As coisas são como são. Esteja onde estiver, Marcelo é o Presidente da República até que expire o mandato ou a ele venha a renunciar. Do meu ponto de vista, entendo que, seja por interesse pessoal seja por interesse público, a sua presença em momento ou momentos do Euro 2016 é a presença do representante do Estado. Não tem de pagar do seu próprio bolso. Deve é ponderar primeiro – por si e seus conselheiros – se se justifica a sua presença ou não no ato público e selecionar o meio de transporte e outros meios logísticos mais adequados em termos de custos e de dignidade pessoal, pública e política. E os custos devem ser assumidos pelo orçamento da Presidência da República. Ademais, a um direito não se renuncia com facilidade.
Quanto aos almoços de trabalho, manifesto o mesmo entendimento. Recusar-me-ia a participar num almoço de trabalho com o Presidente no Palácio de Belém, sabendo que seria ele a pagar do seu bolso. E, se não eram almoços oficiais, não deveriam ter lugar em Belém.

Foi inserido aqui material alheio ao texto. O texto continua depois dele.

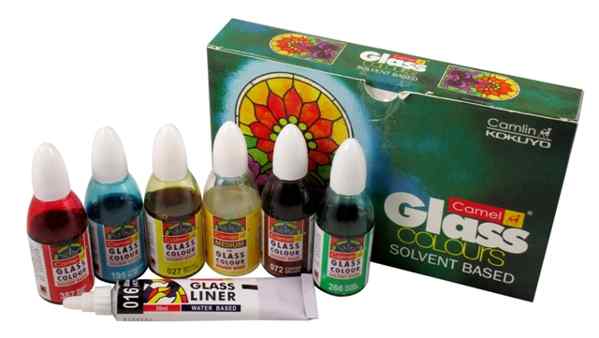 Camel Glass Colours Solvent Based - Bbag | India’s Best Online Stationery Store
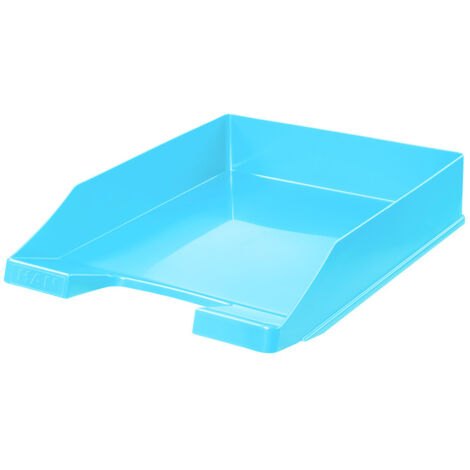 Briefablage KLASSIK DIN A4 DIN C4 Polystyrol Farbe: hellblau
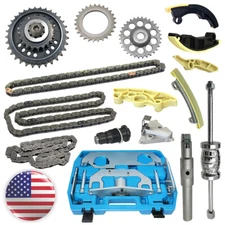 Timing Chain Kit Fuel Injector Puller Tool For Jaguar Land Rover Discovery 2.0L
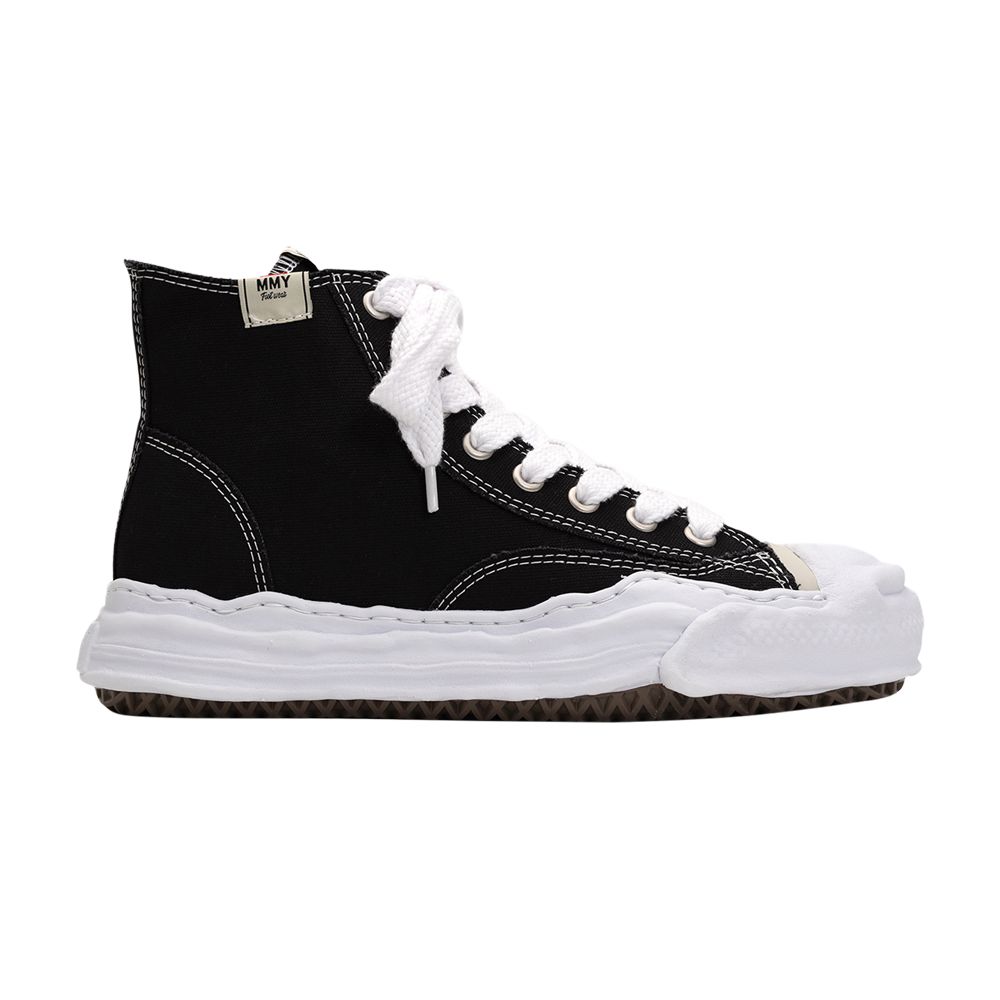 Maison Mihara Yasuhiro Maison Mihara Yasuhiro Hank OG Sole Canvas High 'Black' | Men's Size 44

A todos os órgãos de soberania e demais departamentos da administração pública se pede boa gestão de meios e obviamente contenção nas despesas. Porém, é de censurar qualquer atitude miserabilista. O país é pobre, mas não pelintra; os seus representantes são gestores e não merceeiros. Ou será que também o Presidente paga do seu bolso a segurança que a polícia lhe deve fazer, quando se trata da sua presença em atos públicos, mas que não oficiais?
A dignidade do Estado não se reduz à vaquinha a que recorrem os cidadãos comuns nos seus atos de lazer: dividimos por todos os custos da gasolina e vamos à bola, ao concerto ou à praia.
Quanto ao pagamento apenas do combustível, seja só com Marcelo, seja já de prática anterior, trata-se de iludir a questão. Quem dera que o cidadão comum se limitasse a pagar os custos de combustível quando viaja em transportes públicos ou em transportes de aluguer!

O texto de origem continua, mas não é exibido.